I'm not saying there are no other goals currently being pursued, I'm just saying that if they picked a few of them like "making the game easier for new players" or "improving game balance" and made them clear priorities which "cool idea that designer wants to experiment with" gets rejected if it runs counter to, they'd have a much clearer design paradigm to produce a game that's not just a clone remix of 5e.

And no shade on clone remixes of 5e without much in the way of focused goals, I'm hard at work at one myself, but if I had the market position and resources of WotC it's not what I'd be making.
Not really the spirit of the thread.

What concrete design directions could they employ to create a distinct new edition that would still feel like D&D?
 


Matt Thomason

Adventurer
Let's say, as a hypothetical, WotC chose to drastically change the design direction of 1D&D in the fallout of the OGL debacle. What does that look like? What sort of design paradigm could WotC use to still "be D&D" and create a line of continuity with 5E, but be different enough to stand on its own?
They could do what I always wished D&D versions had done in the past:

Rewrite the rules at a mechanical level, while retaining stat block compatibility (arguably, AD&D 2e did take this approach, but we haven't seen it since)

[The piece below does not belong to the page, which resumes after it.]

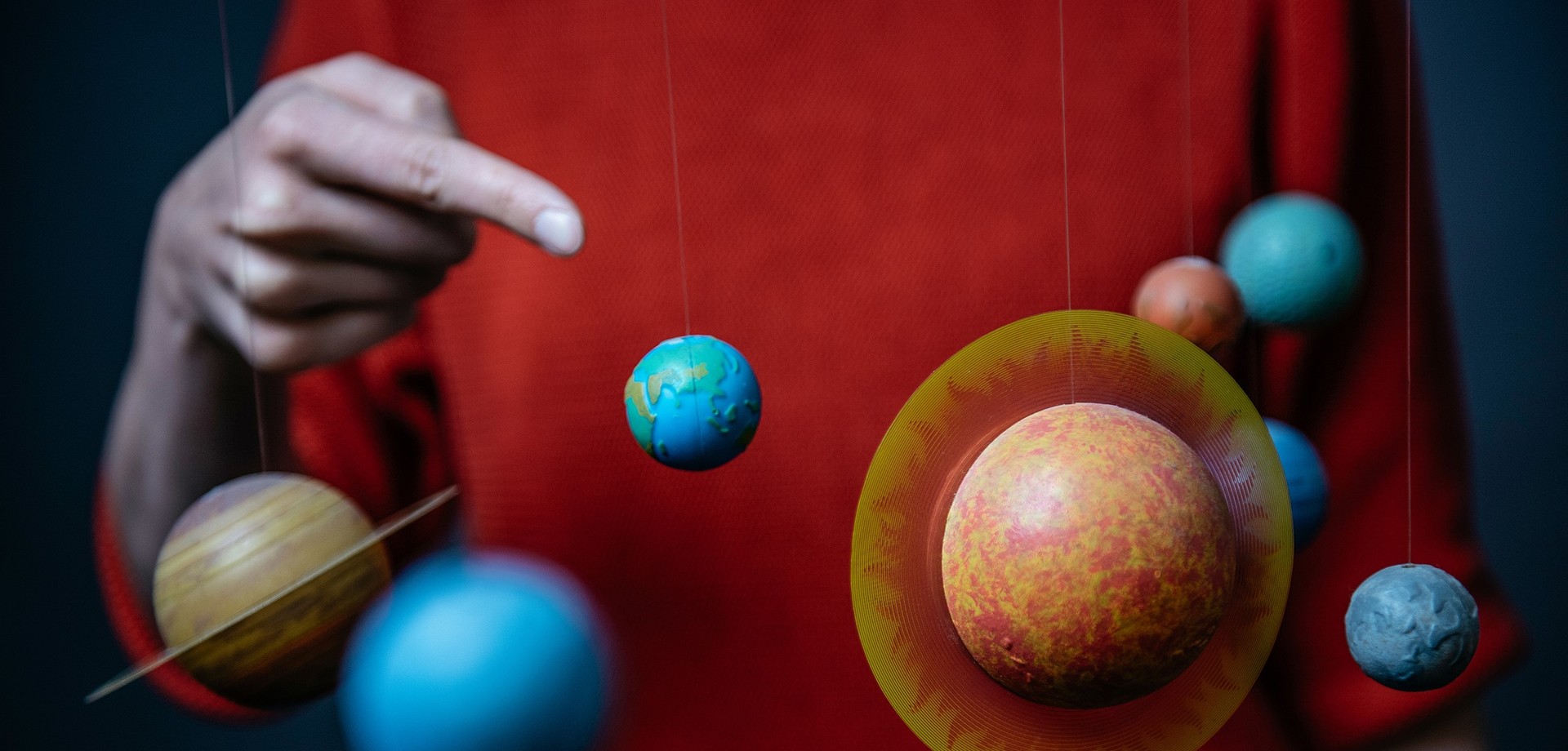 Der Finger einer Person zeigt auf kleine Planeten-Modelle. Foto: LWL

For example - AC is AC, but how it actually gets applied in combat mechanics could be changed totally - such as having a roll to hit and then a seperate roll to penetrate armor. Not saying that example would be an improvement, just an example of how rules can change while keeping old stat blocks valid.

Another example would be changing the rules for learning/memorizing spells while keeping the spells themselves close enough mechanically that old ones would still work under the new system.
 

One thing I think they could do is trim the class list down to one per attribute, and broaden the choices at creation and during advancement. Your Warrrior could be a fighter, barbarian or monk based on your class ability choices.
I mean that would be a direction that preserved the "feel of D&D" for some people. But as someone who primarily came into the hobby with 5e, an edition which downplayed logical taxonomic relationships between the classes in favor of emphasizing each more as a unique snowflake, organizational illogic, incompleteness, and disunity is a key part of D&D's feel to me.
 

Reynard

Legend
They could do what I always wished D&D versions had done in the past:

Rewrite the rules at a mechanical level, while retaining stat block compatibility (arguably, AD&D 2e did take this approach, but we haven't seen it since)

For example - AC is AC, but how it actually gets applied in combat mechanics could be changed totally - such as having a roll to hit and then a seperate roll to penetrate armor. Not saying that example would be an improvement, just an example of how rules can change while keeping old stat blocks valid.

Another example would be changing the rules for learning/memorizing spells while keeping the spells themselves close enough mechanically that old ones would still work under the new system.
For clarity I am explicitly NOT talking about compatibility. That's something you would want to avoid if you were trying to silo 6E against OGL etc.